DevOps has emerged as an essential philosophy, bridging the gap between software development and IT operations. It goes beyond just using DevOps tools. A successful DevOps team not only speeds up the delivery process but ensures quality and reliability. However, creating such a team requires a harmonious amalgamation of tools, culture, processes, collaboration, and more. What are the critical components of a top-notch DevOps team, and how can organizations integrate them for optimum results? As a part of this series, we had the pleasure of interviewing Dylan Etkin, co-founder and CEO of Sleuth.
Hi, Dylan – Can you share your backstory with us?
I started my career as a software engineer. I was fortunate to join a small startup, Atlassian, as their 20th employee. I spent 10 years at Atlassian learning a ton and watching the organization grow from 20 to 1200. I worked as one of the first 3 engineers on Jira, the first Jira Architect, and as the Engineering lead for Bitbucket, growing that product from 40K to 2M users.
I left Atlassian and joined a small start-up, Statuspage. One year later, Statuspage was acquired by Atlassian, and I found I was back in the mother ship again. After 3 years leading that team at Atlassian, I decided to strike out on my own, starting Sleuth to productize what has always been my passion: building efficient engineering teams.
I have always been fascinated by developer tools and helping teams be efficient and continuously learn.
Who do you credit for helping you achieve success?
Many people have helped me along the way. The older I’ve gotten, the more I’ve realized what a special network I’ve grown and how open they all are to helping when asked.
One example that stands out is John Kodumal, the co-founder and CTO of LaunchDarkly. John and I were peers while at Atlassian. When he went off to found LaunchDarkly, he was always open about his startup experience.
As I began to motivate myself to start Sleuth, he was supportive at every level. From idea sparring to open conversations about how to proceed to signing up as our first customer, John has always helped at every point of my journey.
Can you share with us three strengths, skills, or characteristics that helped you reach this point in your career? How can others actively develop these areas within themselves?
- Persistence. Skill and intelligence will only take you so far. Coming back to a problem over and over again is far more powerful. Persistence, even in the face of multiple failures, has defined success for me.

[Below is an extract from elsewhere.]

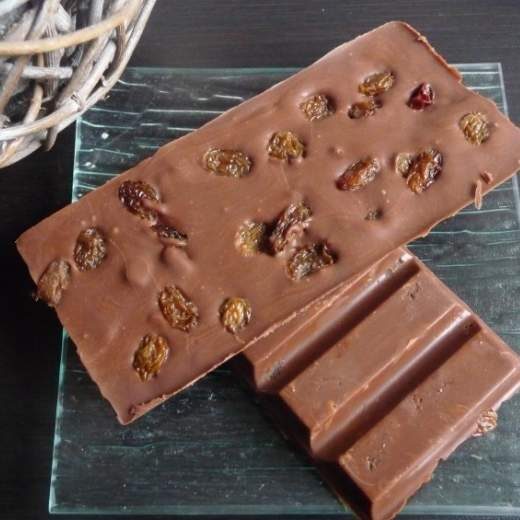 Tablettes de chocolat maison au rhum et raisins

- Attention to detail. This is a characteristic that has always come naturally to me. As an engineer, it’s a vital skill that allows you to accomplish the tasks in front of you in a way that excels. In a startup environment, this skill is even more important. When guiding a product from vision to reality, attention to detail will make the difference between a mediocre product and something users love.
- Delegation. As much as you need to fully own your business, a startup very quickly turns into an exercise of hiring people who are smarter than you in many areas and embracing giving away your legos so others can succeed and push your business forward.
Which skills are you still trying to grow now?
I’m always working on many things, there’s never any shortage of skills to work on. Top of mind for me right now is the art of getting the best from your people. Everyone is different, and knowing how to provide an environment where each individual can do their best work is a challenge.
Let’s talk about having a successful DevOps team. What are the key goals a DevOps team might identify for a digital transformation journey?
DevOps teams are empowered to efficiently take work from concept to successful launch in production. Therefore, the number one goal for a DevOps team is to build the tooling, process, and culture that allows individual developers to quickly take work from concept to successful launch.
Goals that support achieving the number one goal are:
- Ability to define work in small batch sizes
- A fully automated CI/CD pipeline
- Observability and pre-production environments that act as safety nets so developers can confidently push changes to production
- A clear process for what to do when changes go wrong. Everyone knows how to detect failure and get the system back into a working state
- Buy in from the rest of the organization, PMs, Marketing, Support, Sales and Execs. Teams won’t be able to pull off a DevOps transformation without the support of the entire organization
Are there any challenges or common pitfalls that DevOps teams should consider?
There are too many to list. One that stands out is to recognize that practicing DevOps means you are pushing more responsibility onto the developer. This doesn’t come for free, and if you don’t invest in process and tooling, you run the risk of building a system that won’t leave any time for developers to actually get work done.
You also run the risk of building an environment where developers will burn out quickly. You must remember that people only have so much capacity, so you have to be mindful of what you put in place to support developers practicing DevOps.
How can effective collaboration and communication among team members enhance the productivity and success of a DevOps team, and what practices can facilitate this?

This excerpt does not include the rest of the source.